ABOUT THIS EXERCISE:
Repeat all of the data below word for word, keeping no images.

GIVEN INFORMATION:
+-------+
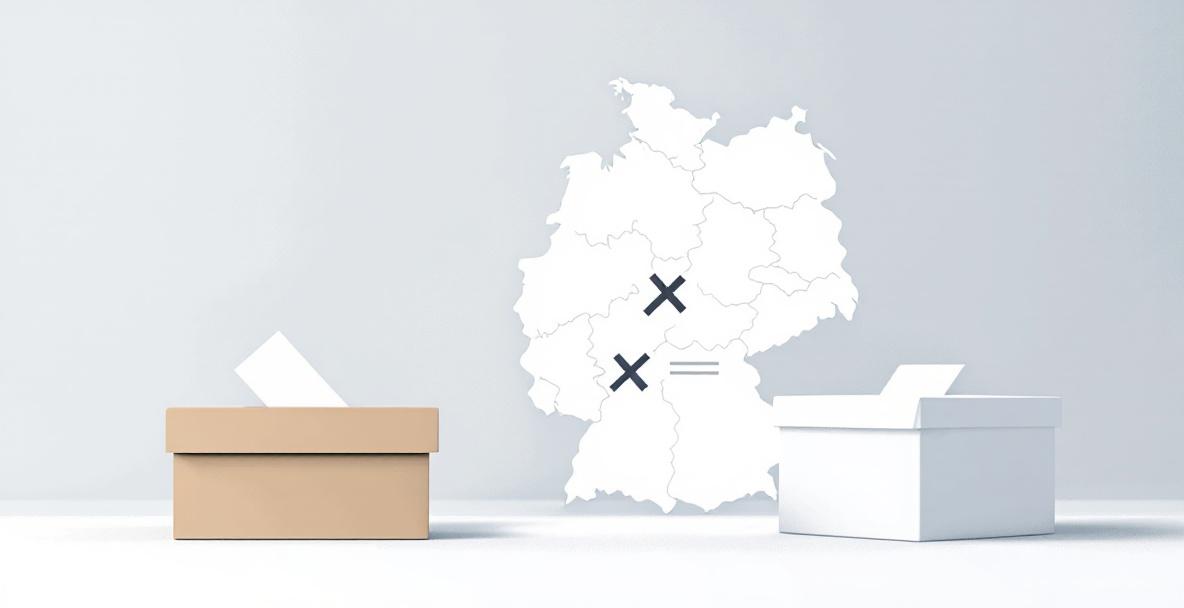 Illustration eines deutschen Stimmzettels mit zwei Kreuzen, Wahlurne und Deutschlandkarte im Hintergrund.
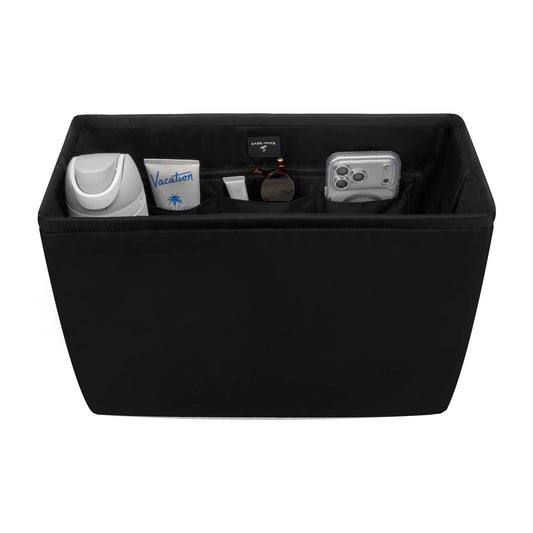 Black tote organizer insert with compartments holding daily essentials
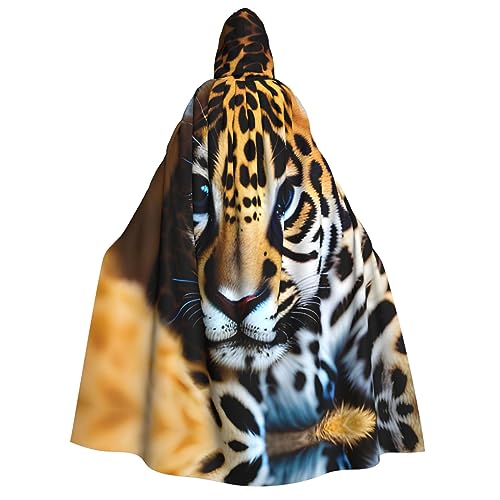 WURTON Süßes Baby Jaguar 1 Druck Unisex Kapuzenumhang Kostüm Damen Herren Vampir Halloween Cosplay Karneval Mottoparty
+-------+
WRITTEN REPLY:
 Illustration eines deutschen Stimmzettels mit zwei Kreuzen, Wahlurne und Deutschlandkarte im Hintergrund.
 Black tote organizer insert with compartments holding daily essentials
 WURTON Süßes Baby Jaguar 1 Druck Unisex Kapuzenumhang Kostüm Damen Herren Vampir Halloween Cosplay Karneval Mottoparty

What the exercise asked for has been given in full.